We then moved on to The Four Horsemen which was a fiendishly complicated and technical encounter back in the day. I know it’s supposed tobe a lot easier now. In essence there are 4 bosses which need to be tanked in 4 different corners, and there’s some dancing around and tanks have to swap bosses and so on. We wiped a few times trying to get the pull right — it’s not supposed to be that hard but the guys on the back bosses weren’t seeming to pick them up properly — and then hit end of raid time and called it.

Two new bosses and a bit of learning time on a third, not too bad. I also distinguished myself with an inane number of accidental trash pulls. I think the best was when I had lined a mob up to shoot and instead I hit the charge button (ie. so instead of shooting it, I charged into the pack).
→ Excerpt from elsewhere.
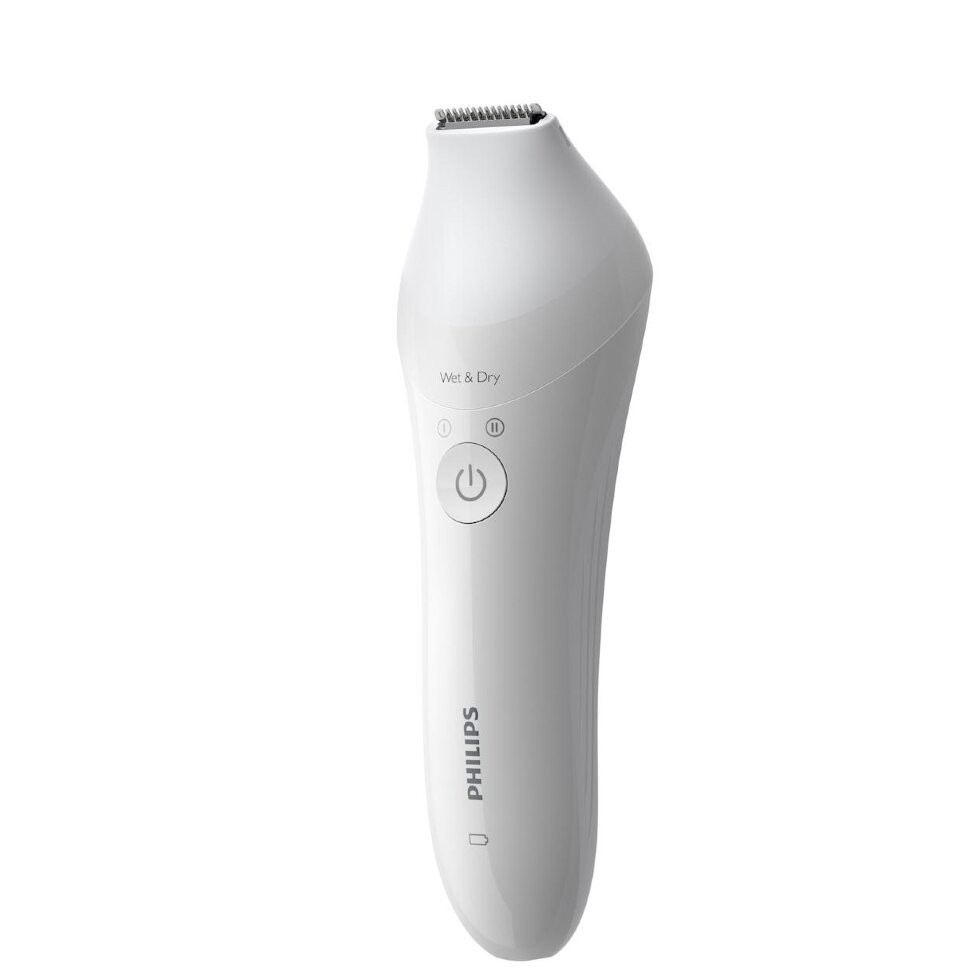 Эпилятор Philips BRE740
The fact that none of these mad pulls wiped the group shows that a) people are reasonably on their toes and b) Naxx trash is NOT what it used to be.

Another time, same as the first

Last night I was out and the guys went back in and … cleared all the bosses we’d killed last week. So that’s spider wing, plague wing, and first two bosses of the construct wing. There was one plate-wearing tank there so naturally loads of tanking gear dropped and he got almost totally outfitted without having to bid more than minimum DKP on any item.
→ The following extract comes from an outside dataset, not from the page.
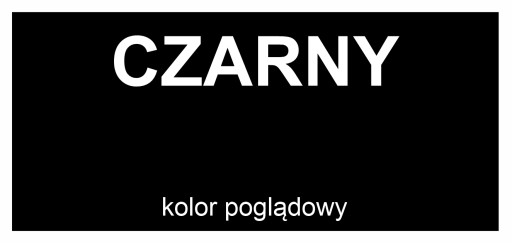 NAKOR Profesionálny rýchloschnúci antikorózny základný náter 0,2L Čierny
I’m dead proud of them all, but I have to steel myself to log in now because he is that guy who will spend all of this week boasting about his stats and copy/pasting his new purples to guild chat. I wouldn’t mind but he also got geared up in a single Karazhan run in the last expansion!

There must be a downside to being ultra-lucky with drops and lack of competition but I can’t see what it is. And naturally if we’d scheduled the runs in the opposite order, I would be bitching about missing the first kills instead 😉

In which I lead a raid

Over last weekend, we also took out Sartharion. Because he’s a fairly easy fight, the RLs decided to use this as an opportunity to rotate a few people into the raid who aren’t really geared for Naxxramas yet but are keen to raid. We one shotted the dragon, but it was a drawn out messy kill and I personally cannot wait until paladins get a regular taunt next patch (hopefully next week) because one of ours kept taunting the boss off me, which is annoying.

After this, I organised a 10 man raid to the same boss. It is definitely weird having the encounters available on both 10 and 25 man mode, but was quite fun to go in with a few guildies and trash him with feeling for being such a pain earlier. Had compliments on my raid leading which amuses me because I thought I was being laconic to the point of comatoseness, plus its hard to really give useful instructions with a dragon in your face.

This week’s bitching in raid forums

The main discussion this week was about DKP. I can’t stand DKP, its only redeeming factor in my eyes is that it makes life easier for the raid leaders than the alternative. So this week we were discussing some new tweak someone thought up to our scheme where when you bid you have to also say if it’s a major or minor upgrade for you.

I personally think this is dumb. Clearly if it’s a major upgrade you’ll just bid more because it will be worth more to you? Unless you are that guy who lucks out and gets everything for min bid but I’m not bitter.